Zoals gezegd is het me een raadsel waarom ik van de ene op de andere dag geen muziek meer aankan die niet volledig bestaat uit elektronische beats en andere synthetische geluiden. Uiteindelijk kan k-pop enkel aanleiding en symptoom geweest zijn. Het is nu niet dat k-pop als popmuziek in essentie ook maar vernieuwend kan zijn. Popmuziek is immer een distillaat van muziekvormen en -verschijnselen die eerst sluimerend een ondergronds bestaan leiden, dan in bredere kring zich verspreiden totdat de overgang naar het grote publiek kan worden gemaakt.
Het heeft er misschien meer mee te maken dat in de 21ste eeuw men geen genoegen meer kan nemen met louter muziek. Of louter literatuur. Of enkel de kunstenaar. Vanuit 2024 bekeken is zoiets twintigste-eeuwse tunnelvisie. Natuurlijk is er geen licht aan het einde van die tunnel. Had iemand echter gezegd dat de modernistische tunnel naar de eindbestemming ging leiden? De muziek, de tekst, het kunstwerk en de artiest, allemaal alfa en omega van de liefhebberij, kunnen geen aanspraak meer maken op onze totale aandacht. Teveel dingen (objecten dus, geen subjecten) schreeuwen onophoudelijk om onze drang naar veelpuntige obsessie. Probleem is dat de meeste menselijke organismen dat voortdurende, nooit aflatende niet aankunnen.

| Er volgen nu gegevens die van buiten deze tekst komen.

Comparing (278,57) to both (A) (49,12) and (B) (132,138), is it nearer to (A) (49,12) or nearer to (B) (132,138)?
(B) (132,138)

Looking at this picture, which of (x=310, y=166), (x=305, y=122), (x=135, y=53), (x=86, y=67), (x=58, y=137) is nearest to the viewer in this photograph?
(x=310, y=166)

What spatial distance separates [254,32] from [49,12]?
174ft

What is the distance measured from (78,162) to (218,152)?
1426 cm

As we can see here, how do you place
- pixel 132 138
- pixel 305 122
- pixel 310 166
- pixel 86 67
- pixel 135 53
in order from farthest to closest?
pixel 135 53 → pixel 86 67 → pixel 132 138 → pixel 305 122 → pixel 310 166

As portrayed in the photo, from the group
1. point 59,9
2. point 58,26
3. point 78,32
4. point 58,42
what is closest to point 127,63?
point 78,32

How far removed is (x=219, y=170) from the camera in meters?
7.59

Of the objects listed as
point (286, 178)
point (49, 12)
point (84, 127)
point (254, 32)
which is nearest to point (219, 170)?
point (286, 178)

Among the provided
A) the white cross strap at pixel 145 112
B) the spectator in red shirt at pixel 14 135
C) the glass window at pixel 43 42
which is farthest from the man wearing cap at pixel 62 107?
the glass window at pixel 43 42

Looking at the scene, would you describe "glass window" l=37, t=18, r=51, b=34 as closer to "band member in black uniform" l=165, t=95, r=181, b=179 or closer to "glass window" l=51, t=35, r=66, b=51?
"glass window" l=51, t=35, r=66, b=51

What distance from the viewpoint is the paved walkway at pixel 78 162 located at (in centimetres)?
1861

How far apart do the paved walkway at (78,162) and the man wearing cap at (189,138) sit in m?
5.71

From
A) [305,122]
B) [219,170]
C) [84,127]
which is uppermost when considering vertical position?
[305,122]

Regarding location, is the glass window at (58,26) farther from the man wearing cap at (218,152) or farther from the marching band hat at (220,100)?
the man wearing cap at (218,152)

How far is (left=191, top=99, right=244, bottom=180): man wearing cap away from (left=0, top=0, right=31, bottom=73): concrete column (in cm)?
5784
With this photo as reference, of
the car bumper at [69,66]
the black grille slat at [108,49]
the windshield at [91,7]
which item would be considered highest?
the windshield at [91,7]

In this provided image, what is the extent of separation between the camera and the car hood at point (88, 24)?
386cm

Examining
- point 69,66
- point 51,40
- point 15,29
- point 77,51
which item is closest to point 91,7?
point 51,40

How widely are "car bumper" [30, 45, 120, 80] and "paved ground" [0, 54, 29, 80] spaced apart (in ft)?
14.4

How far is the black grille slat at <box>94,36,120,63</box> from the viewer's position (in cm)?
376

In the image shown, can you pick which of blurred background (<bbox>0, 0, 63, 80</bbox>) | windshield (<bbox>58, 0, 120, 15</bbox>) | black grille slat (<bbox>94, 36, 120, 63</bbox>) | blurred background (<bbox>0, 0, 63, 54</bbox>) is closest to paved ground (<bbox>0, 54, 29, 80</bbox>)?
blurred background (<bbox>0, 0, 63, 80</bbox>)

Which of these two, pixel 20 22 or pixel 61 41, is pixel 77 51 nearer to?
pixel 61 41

De generatie die nu jong is lijkt er \nog het meeste van onder de indruk. Omdat ze hun lot verbonden hebben - was er dan echt een keuze? - aan het digitale is er voor hen ook geen ontsnappen aan de actuele, elke seconde versnellende evolutie. Depressie, richtingloosheid, onzekerheid en een verloren geloof in een betere toekomst zijn het resultaat. Vandaar mijn eeuwige vermoeden dat psychologie geen wetenschap kan zijn: de zogenaamde geestelijke problemen die we sinds Freud als te genezen hebben geduid zijn in feite het gevolg van een lichaam dat niet opgewassen is tegen de technologie die het zelf tot stand heeft gebracht. Geestelijke problemen zijn gewoon biologische problemen. Een wereldscheppend zoogdier heeft een ecologie rond zich gebouwd, maar door ethische terughoudendheid nagelaten de allereerste ecologie, namelijk het eigen lichaam, daaraan aan te passen.

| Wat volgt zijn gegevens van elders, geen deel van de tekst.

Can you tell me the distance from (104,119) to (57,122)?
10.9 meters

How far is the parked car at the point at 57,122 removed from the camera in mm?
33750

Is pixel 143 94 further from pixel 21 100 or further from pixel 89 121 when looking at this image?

Nochtans, zowat het enige nuttige feit dat ik van de cursus sociologie onthouden heb was het ultieme adagium: adapt or perish. Een vaststaande identiteit gaat je niet ver brengen. Noem het Darwinistische sociologie op zijn puurst. Tot aan het eerste decennium van de 21ste eeuw kon je met een vast stramien en herhaling nog wel iets bereiken. Die dagen behoren nu echt wel tot het verre verleden, met die specificatie dat dat verre verleden maar twintig jaar terug in de tijd gesitueerd is. Teruggrijpen naar dat verleden doe je nog enkel uit nostalgie. Ter zijde betekent dat politiek dat elk verlangen naar de Goede Oude Tijd (die uiteraard nooit bestaan heeft) een conceptueel cul-de-sac moet zijn. Misschien is zelfs het concept als denkinstrument nu al gedateerd?

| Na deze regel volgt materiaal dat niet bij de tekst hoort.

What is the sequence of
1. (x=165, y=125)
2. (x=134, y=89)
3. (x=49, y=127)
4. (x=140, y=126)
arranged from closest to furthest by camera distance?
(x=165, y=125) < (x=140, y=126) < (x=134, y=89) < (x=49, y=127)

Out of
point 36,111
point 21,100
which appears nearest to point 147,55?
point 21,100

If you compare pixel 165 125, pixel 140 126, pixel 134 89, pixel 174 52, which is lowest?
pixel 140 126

Als futurist en ooit sf fanaat heb ik ondertussen zowat elke utopie en dystopie zien voorbijkomen en waar ik nu nog op zit te wachten is de vervulling van de ultieme belofte: laat artificiële intelligentie de boel maar overnemen, ons lichaam en lijf incluis. Doe daar eeuwig leven bij (met dien verstande dat je zelf kan kiezen wanneer ermee op te houden) en klaar. Nothing is true, everything is permitted.